Sonntag, 18 Uhr: In den Gängen ist kaum noch ein Durchkommen, ein Sprachwirrwarr begleitet die Kunden durchs Geschäft. Junge Männer mit britischem Akzent beraten sich vor einer Spirituosenvitrine. Japanerinnen blicken glücklich auf das Riesensortiment an deutscher Schokolade. 14 Kassen sind besetzt, an jeder stehen mindestens 15 Leute an. „Ach, das ist gar nichts. Heute ist es nicht so wild“, sagt eine Angestellte, die Süßigkeiten nachfüllt. „Es kam sogar schon vor, dass sich die Kassenschlangen in der Mitte des Ladens getroffen haben.“ Schlimm sei es nur, wenn die Pfandautomaten kaputt sind, dann wolle man hier nicht sein, der schlechten Laune der Kunden wegen.
Vom Obdachlosen bis zum Manager
Was nur wenige mitbekommen haben: Ullrich hat vor Kurzem den Eigentümer gewechselt. 2004 ist ihr Gründer im Alter von 81 Jahren gestorben. Der Sohn, Hans-Joachim Ullrich, übernahm. Seit Anfang Juli gehören die drei Märkte nun zur Dohle-Handelsgruppe, die über ihre Tochtergesellschaft „Hit Handelsgruppe“ zahlreiche Supermärkte betreibt, vor allem im Rheinland. Das Bundeskartellamt hat die Übernahme bereits freigegeben. „Aus wirtschaftlichen Gründen kann es nicht zur Übernahme gekommen sein. Die Läden laufen hervorragend“, sagt ein Kenner des Einzelhandels in der City West.
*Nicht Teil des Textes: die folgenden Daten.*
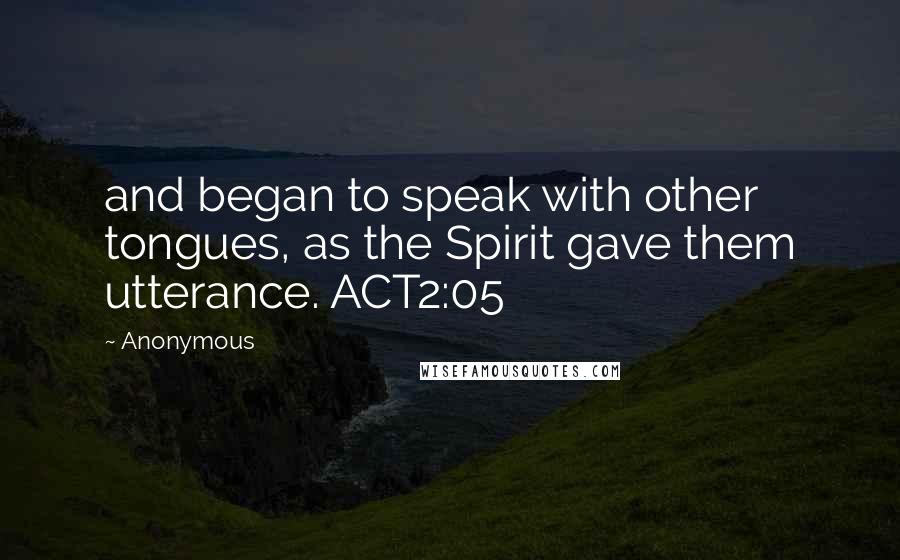 Anonymous Quotes: and began to speak with other tongues, as the Spirit gave them utterance. ACT2:05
Der Name Ullrich bleibe erhalten, sagt eine Sprecherin des neuen Eigentümers.
Die Filiale am Zoologischen Garten war einst die erste, es folgten ein Markt und eine Getränkehandlung an der Wilmersdorfer Straße in Charlottenburg und ein Ableger an der Wilhelmstraße in Mitte, in dem auch Bundeskanzlerin Angela Merkel (CDU) gerne mal einkauft.
Cognac für 2200 Euro, Bier für 50 Cent
Der Kontrast zwischen drinnen und draußen könnte kaum größer sein: Auf der Rückseite des Markts an der Kantstraße, neben der schmucklosen Eventpassage, sitzen Obdachlose vor dem Geschäft. In den Ecken riecht es nach Urin. Beim Imbiss nebenan versorgen sich Bauarbeiter unter lautem Straßenlärm mit Bier und Pommes. Drinnen streifen neben vielen Berlinern auch Trauben von Berlin-Besuchern durch den Laden. Manche staunen, als stünden sie inmitten einer Touristenattraktion. Das muss nicht verwundern: Ullrich steht selbst in Führern für Hauptstadt-Neulinge. Manche Bereiche wirken wie eine Welt für sich. Alleine das Weinsortiment umfasst mehr als 120 Meter Regalfläche.
Der absolute Verkaufsschlager sei trotzdem ein anderer: Das Pilsator-Bier, die Flasche für 50 Cent. „Zwei Paletten pro Wochenende. Unser bester Artikel“, berichtet er. „Wo stehen denn die Brandenburger-Tor-Nudeln?“, fragt da eine Frau mittleren Alters. „Die ham wa gar nicht mehr“, entgegnet eine Mitarbeiterin. Auch das gibt es hier, aber selten: Etwas, das es nicht gibt.